Design B made the "Apply" button clearer and reduced cognitive load. But two consistent issues emerged:
Most participants wanted to see the whole class at once — the single-student view felt limiting for gauging overall performance.
Paper tests aren't sorted alphabetically. Teachers had to hunt for each student's name — friction that Design A's visible row labels avoided.
"I honestly almost even like this better from a type A personality perspective, because if I've got Lucas in front of me. Then I'm just looking at his score sheet. And I don't feel like I have all the other names and everything around me. But I mean, I do like both."
"It's hard to say.

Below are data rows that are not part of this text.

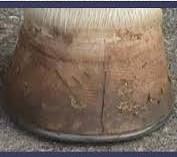 Common Hoof Problems Lauren Langley, Area Livestock Agent, Alamance & Orange Counties Adapted from: Craig Wood, University of Kentucky There are many problems that can occur within a horse s hoof.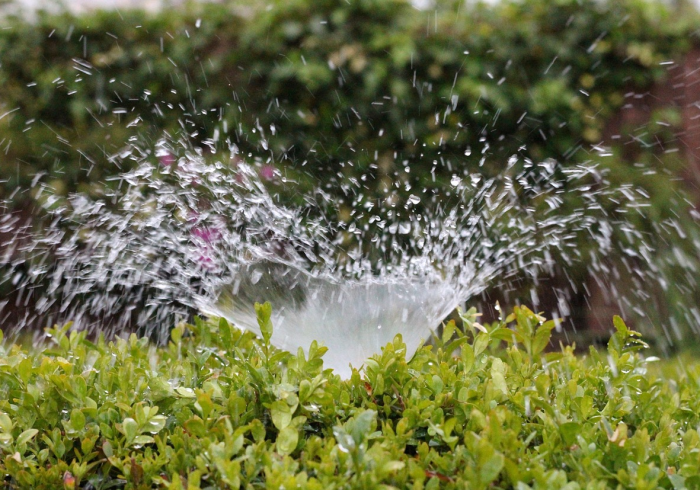 数据背后，广东新增2例确诊，透视动态清零的精准与温度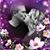 Sandra Dingle's profile image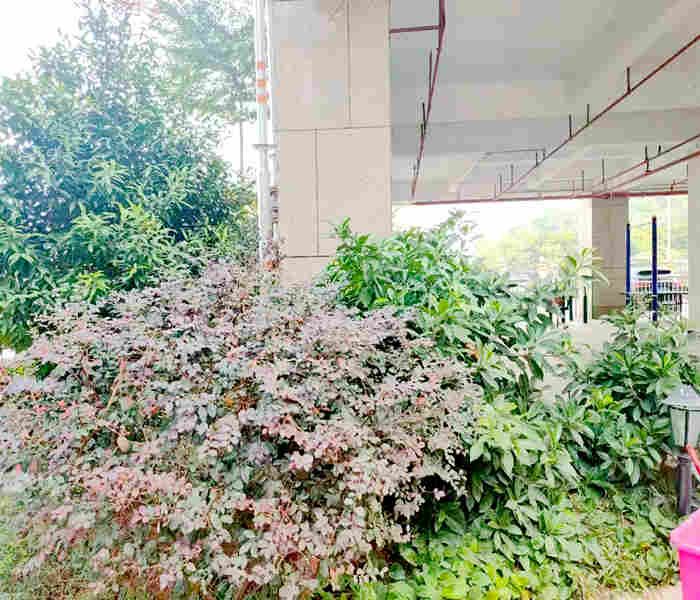 龍華最新小產(chǎn)權(quán)房：石巖國際3棟花園小區(qū)房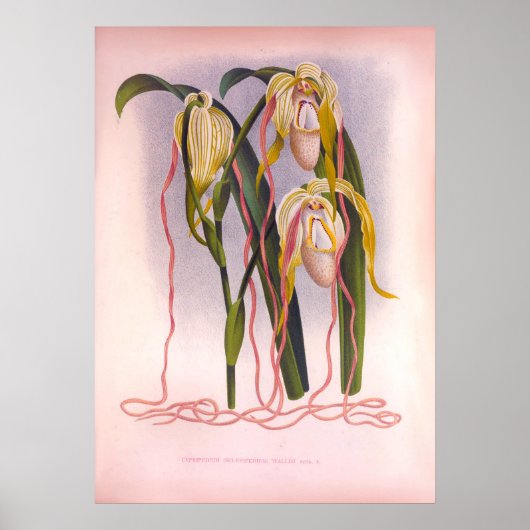 Trailing Orchiale Vintage Cypripedium Selenipedium Poster (Vorne)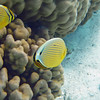 sharon osberg (SharonO) > French Polynesia photo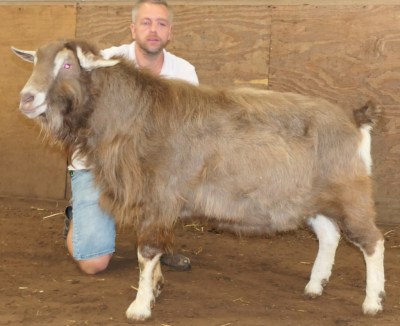 november sweelhoeve-nectis foto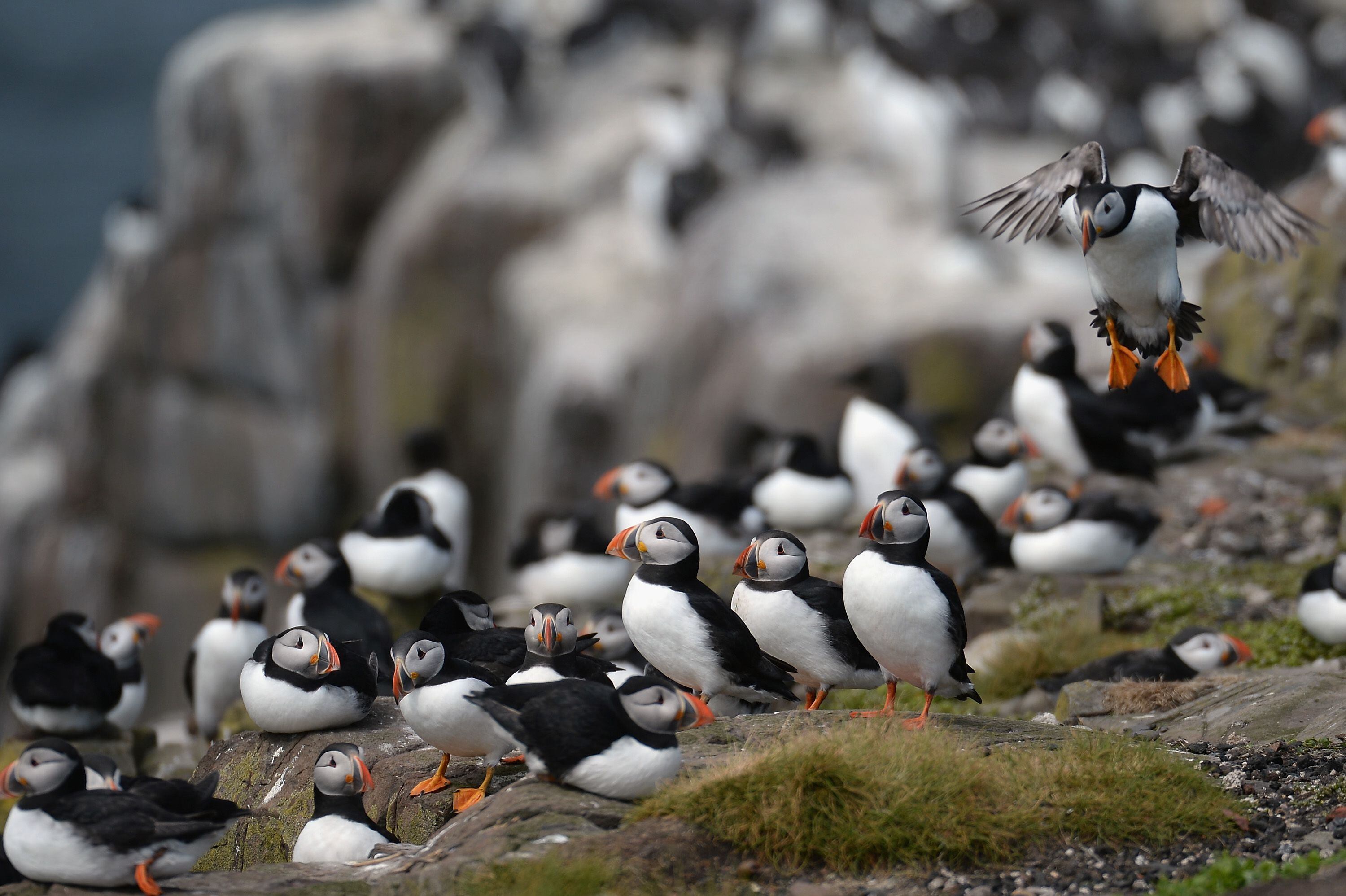 Climate change is causing problems for puffins : NPR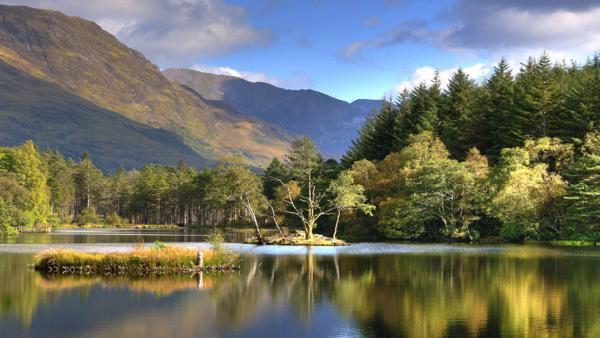 Dawsons Estate Agents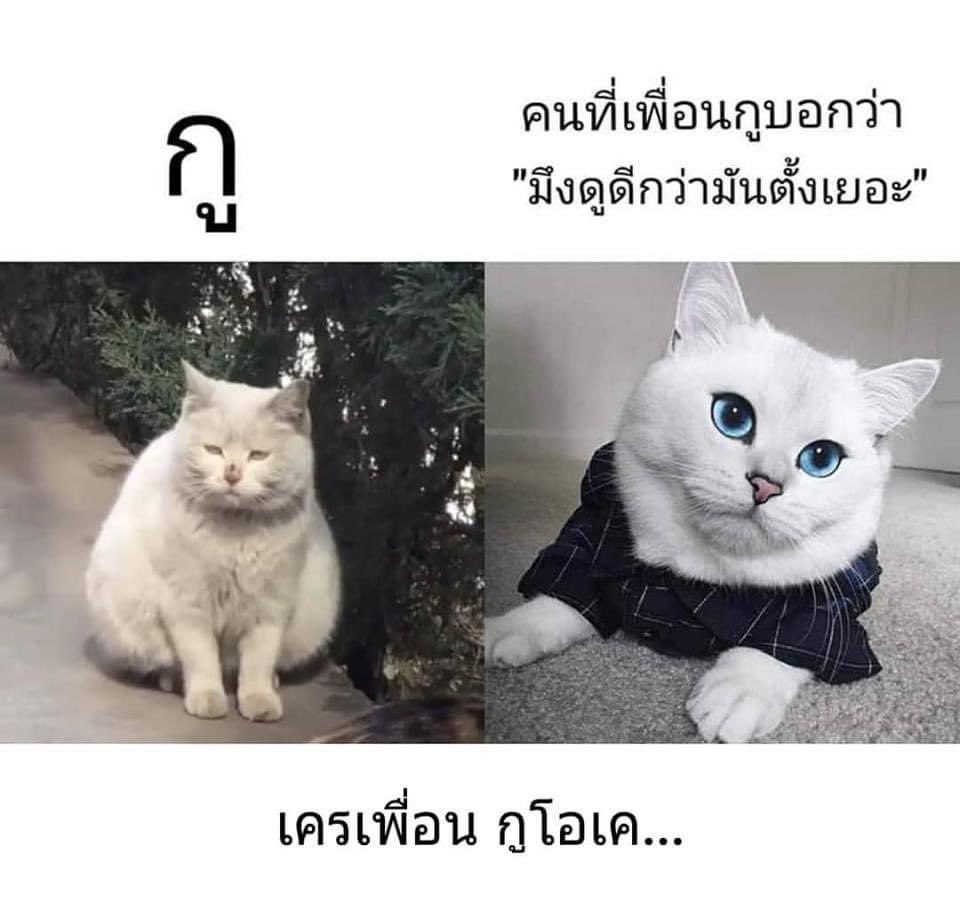 ขอบคุณนะเพิ่อนรัก 555555555555555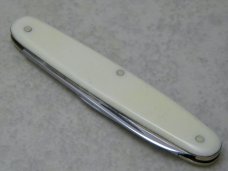 E Bruckmann Solingen-O Germany Imitation Ivory Pen Knife - C. 1891-1956
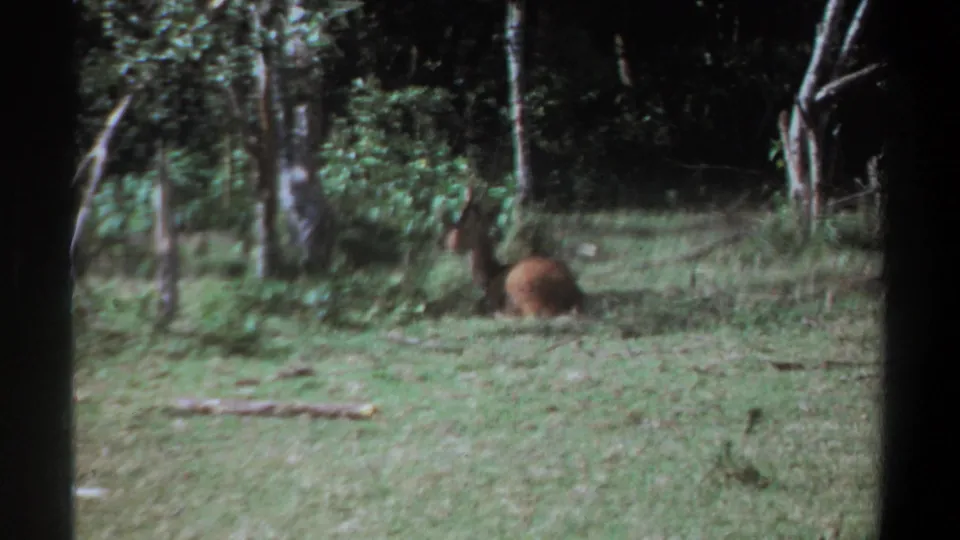 1969 Kenya home-movie frame of an antelope-like animal sitting near a tree in a shaded grassy area.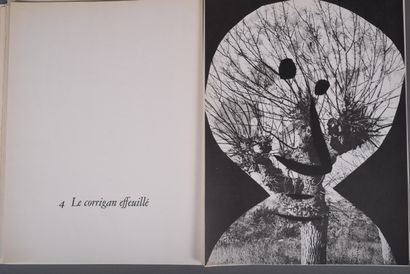 Pablo PICASSO - André VILLERS - Jacques PREVERT....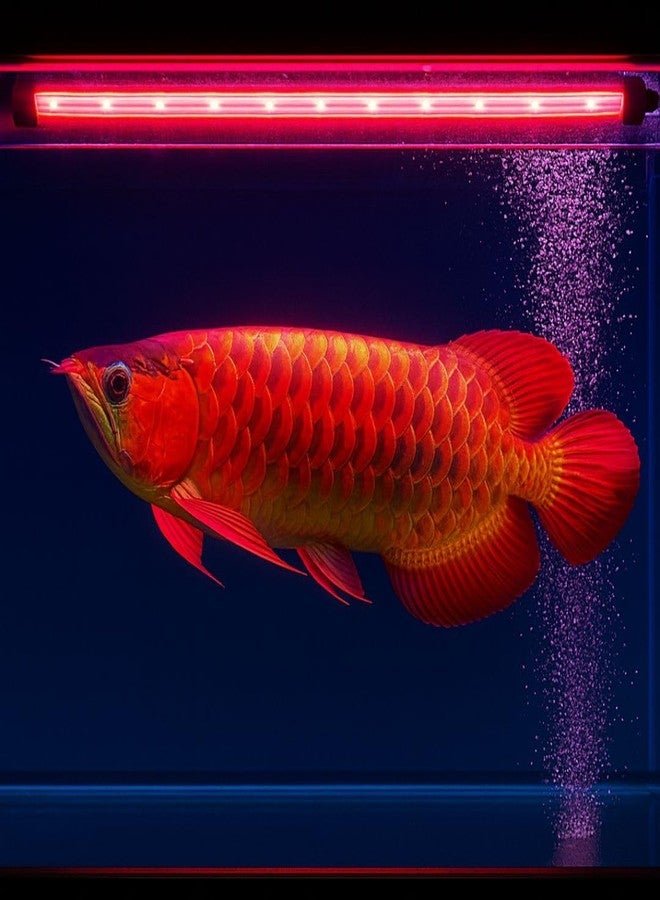 VAYINATO Solar Colour Booster Aquarium LED Light - Tanning Pro Fish Color Enhancing Lamp | Professional Aquarium Lighting for Arowana, Channas, Cichlids, Flowerhorn (L-100 (Suitable for 100 Cm Tank)) - Image 5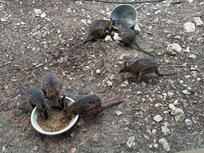 Wallabies having some dinner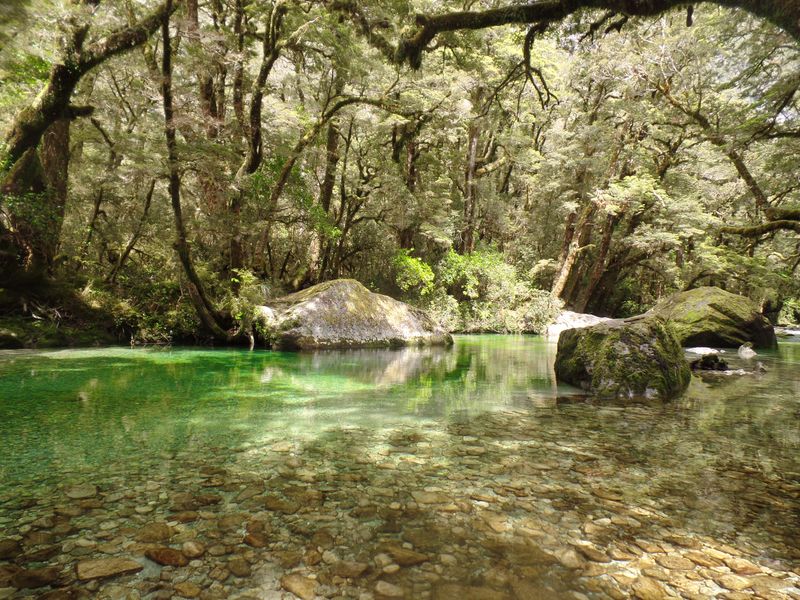 The places he takes us, you just have to come back.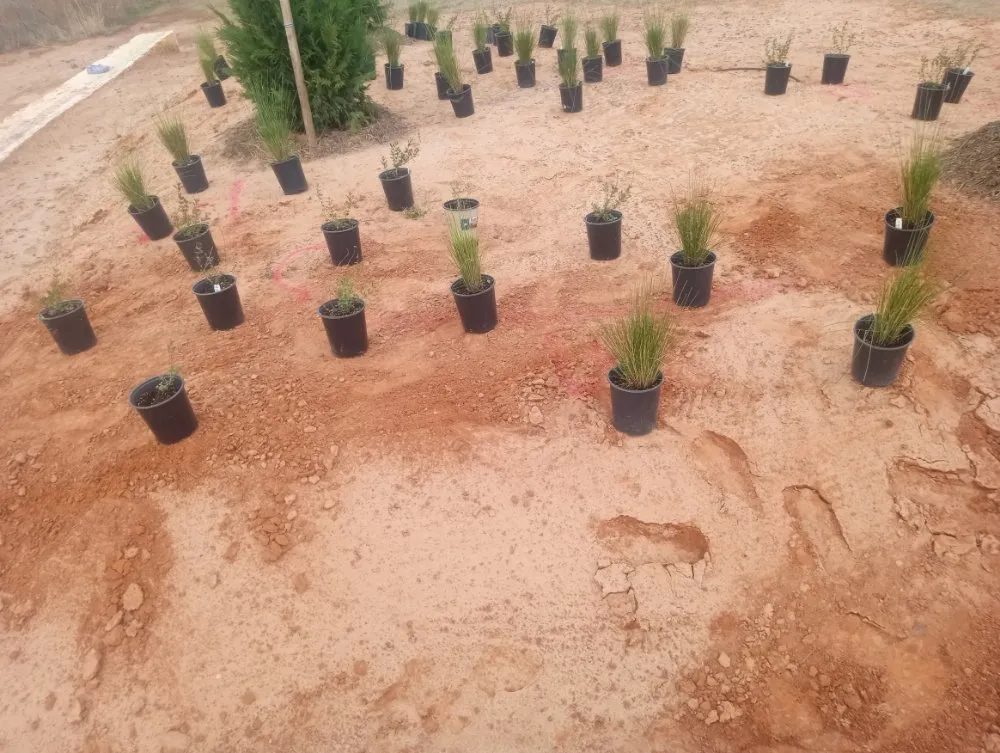 Affordable garden landscaping for beautiful yards across Wichita Falls, TX - McClendons Tree & Lawn Care Services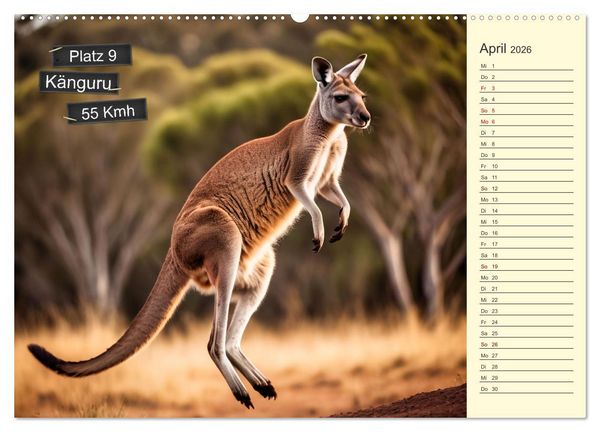 Produktbild: Wer rennt am schnellsten? (Wandkalender 2026 DIN A2 quer), CALVENDO Monatskalender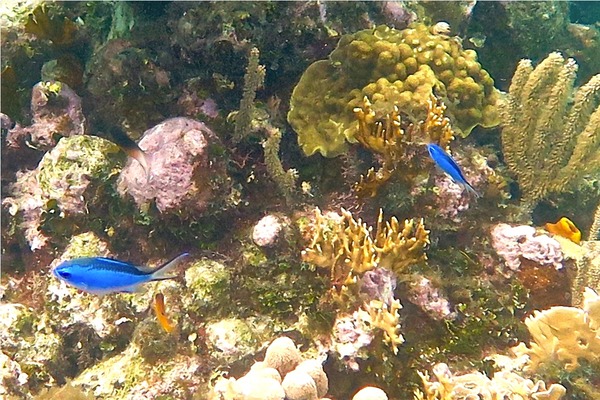 Damselfish - Blue Chromis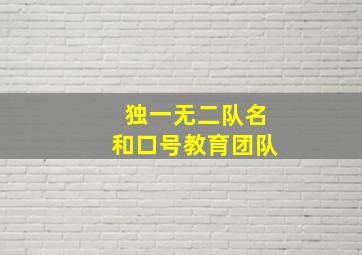 独一无二队名和口号教育团队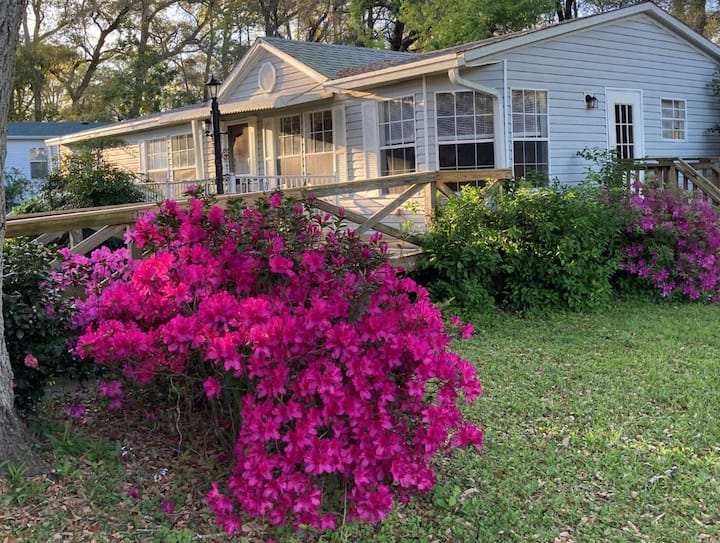 Micanopy Vacation Rentals & Homes Florida, United States Airbnb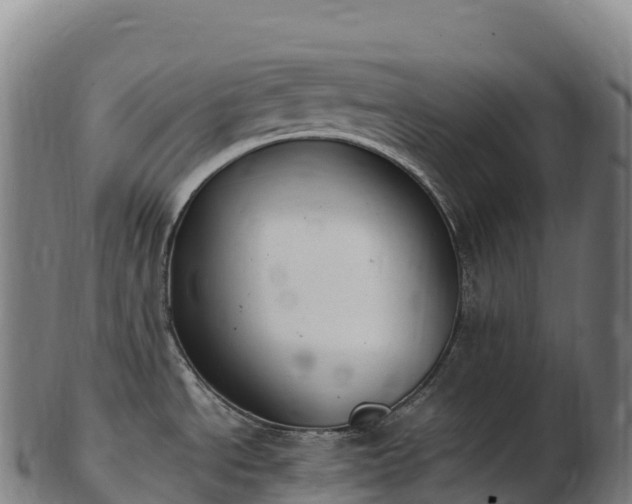 X0000103331534200809121159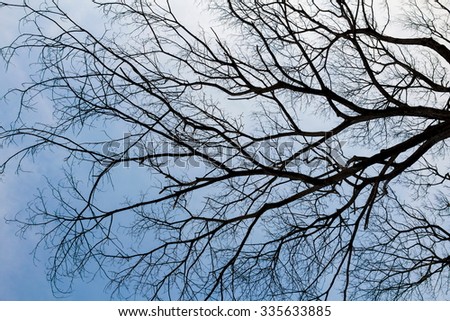 Beautiful Leafless tree on blue sky for background, look like roots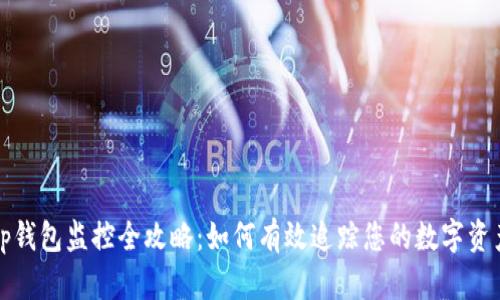 tp钱包监控全攻略：如何有效追踪您的数字资产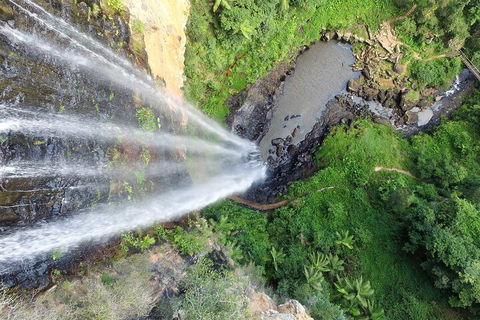 Natural Bridge & Springbrook Waterfalls Tour + Hot Air Balloon With Breakfast - Northern Rivers Accommodation 1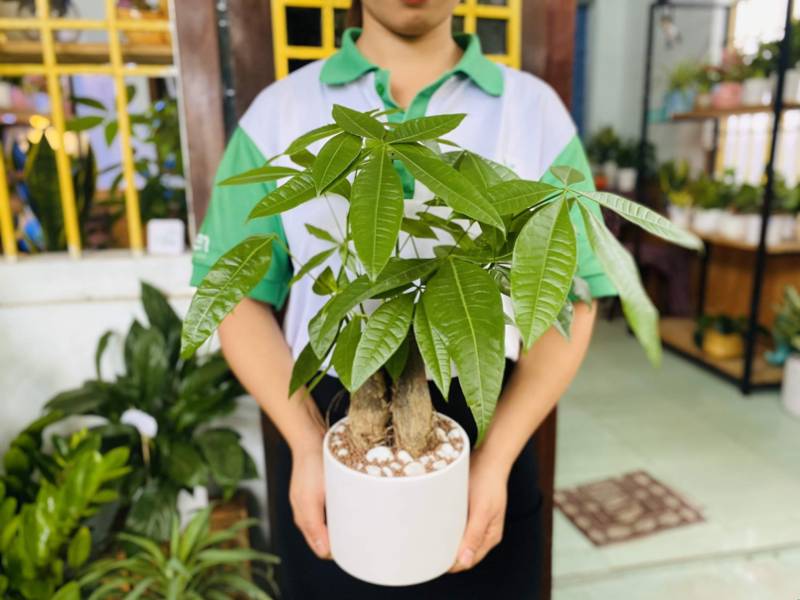 Cây phong thủy mang đến nhiều ý nghĩa tốt đẹp cho gia chủ
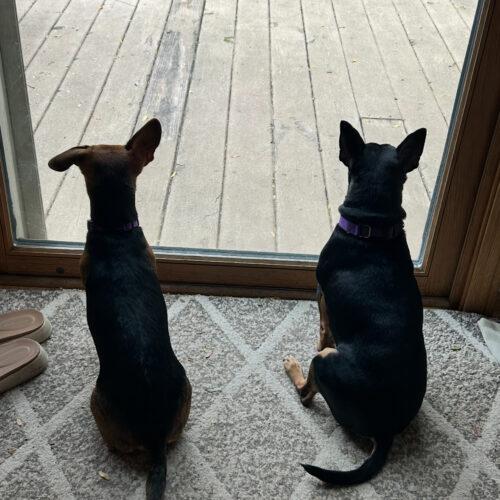 Enlarge Tucker, a Adoptable Chihuahua in Lincolnshire, IL image 4/4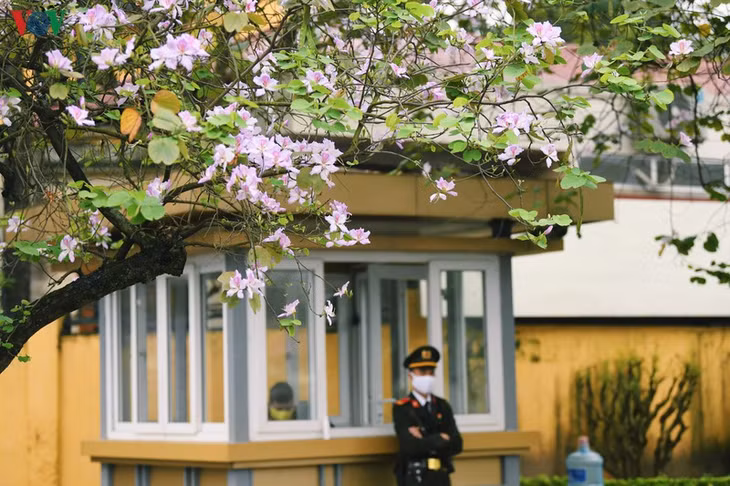 Màu tím nhỏ nhẹ, dịu dàng càng khiến những con đường ở Thủ đô Hà Nội trở nên thơ mộng hơn.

I like the previous one better, that we just submitted...and I think that I liked on that you just start at the top and you just go down to input all the scores."
5 of 7 participants preferred Design A. When asked what would make it better, teachers named the same four things:
Ability to exclude specific students before submitting the full class batch.
Displaying overall scores or class averages alongside individual entries.
Highlight high and low scores visually to surface struggling students at a glance.
Show the skill or standard tied to each question to help guide targeted remediation.
Renamed and restyled so teachers immediately understood its function.
Added an info icon surfacing Tab and Enter navigation that participants kept missing.
Teachers can now mark students absent or exempt before submitting the batch.
"Submit Assignment" → "Submit Scores" — more accurate to what was actually happening.
Visual confirmation showing which scores had been successfully submitted row by row.
The final design after all testing rounds:
The strongest signal from testing wasn't a preference split — it was the emotional response. Teachers weren't just giving feedback on an interface. They were reacting to years of friction finally being acknowledged.
A few things they said during sessions:
"Um, I just want to say thank you for changing this because last year was, it like I...would I would do this on a weekend because it would take so long."
"A definite improvement over what we've had, I think what we've had not only isn't that easy to use, but I think it looks really outdated, which turns people off."
The Class Scoresheet wasn't shipped. Priorities shifted and resources moved elsewhere — a real and common outcome in product work. But the design was validated: seven teachers tested both concepts, five preferred the revised spreadsheet layout, and every participant left with a clear picture of what they needed.
What this project reinforced: the pilot session insight — that the axis was wrong — is exactly the kind of thing that disappears when research isn't treated as a real deliverable. Catching it before formal testing meant seven sessions of clean, focused feedback instead of seven sessions trying to diagnose a structural flaw. That's what research is for.